* EXTRACTED DATA
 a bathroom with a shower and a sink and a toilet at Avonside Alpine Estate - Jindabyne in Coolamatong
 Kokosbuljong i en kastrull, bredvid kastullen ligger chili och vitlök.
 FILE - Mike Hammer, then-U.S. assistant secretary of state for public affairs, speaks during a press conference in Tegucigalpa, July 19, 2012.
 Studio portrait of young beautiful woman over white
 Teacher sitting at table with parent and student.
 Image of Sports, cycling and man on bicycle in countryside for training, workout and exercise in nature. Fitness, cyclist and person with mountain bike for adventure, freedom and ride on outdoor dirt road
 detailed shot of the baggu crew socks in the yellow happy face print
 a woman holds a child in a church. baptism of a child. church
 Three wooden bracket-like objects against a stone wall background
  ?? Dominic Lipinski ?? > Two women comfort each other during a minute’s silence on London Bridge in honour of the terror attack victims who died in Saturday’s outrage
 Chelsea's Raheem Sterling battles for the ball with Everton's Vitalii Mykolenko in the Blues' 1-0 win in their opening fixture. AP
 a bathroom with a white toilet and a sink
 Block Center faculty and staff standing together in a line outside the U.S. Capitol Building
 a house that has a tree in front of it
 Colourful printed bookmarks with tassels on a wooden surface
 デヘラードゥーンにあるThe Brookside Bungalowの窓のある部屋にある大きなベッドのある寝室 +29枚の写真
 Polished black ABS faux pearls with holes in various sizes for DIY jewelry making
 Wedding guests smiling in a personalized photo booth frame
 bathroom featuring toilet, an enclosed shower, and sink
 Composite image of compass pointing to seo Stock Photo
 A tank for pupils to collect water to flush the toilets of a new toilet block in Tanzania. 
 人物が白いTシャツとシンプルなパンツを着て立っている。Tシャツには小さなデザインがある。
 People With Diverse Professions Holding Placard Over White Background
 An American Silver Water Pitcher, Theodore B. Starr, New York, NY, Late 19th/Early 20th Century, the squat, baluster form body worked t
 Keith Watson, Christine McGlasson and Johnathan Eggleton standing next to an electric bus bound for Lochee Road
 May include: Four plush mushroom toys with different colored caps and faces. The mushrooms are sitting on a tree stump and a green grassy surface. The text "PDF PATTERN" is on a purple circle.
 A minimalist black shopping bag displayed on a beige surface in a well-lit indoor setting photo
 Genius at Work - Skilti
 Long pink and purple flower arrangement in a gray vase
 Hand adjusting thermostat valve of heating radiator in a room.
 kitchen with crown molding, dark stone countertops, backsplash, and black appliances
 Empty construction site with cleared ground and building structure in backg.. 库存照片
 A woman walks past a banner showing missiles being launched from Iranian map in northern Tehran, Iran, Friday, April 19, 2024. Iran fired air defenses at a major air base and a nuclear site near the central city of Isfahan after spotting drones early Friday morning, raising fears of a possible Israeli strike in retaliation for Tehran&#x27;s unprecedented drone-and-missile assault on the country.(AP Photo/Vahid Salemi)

* TASK GOAL
Using the records above, write out exactly the lines between the one holding "People With Diverse" and the one holding "May include: Four", inclusive; leave everything else out.

* RESPONSE AREA
 People With Diverse Professions Holding Placard Over White Background
 An American Silver Water Pitcher, Theodore B. Starr, New York, NY, Late 19th/Early 20th Century, the squat, baluster form body worked t
 Keith Watson, Christine McGlasson and Johnathan Eggleton standing next to an electric bus bound for Lochee Road
 May include: Four plush mushroom toys with different colored caps and faces. The mushrooms are sitting on a tree stump and a green grassy surface. The text "PDF PATTERN" is on a purple circle.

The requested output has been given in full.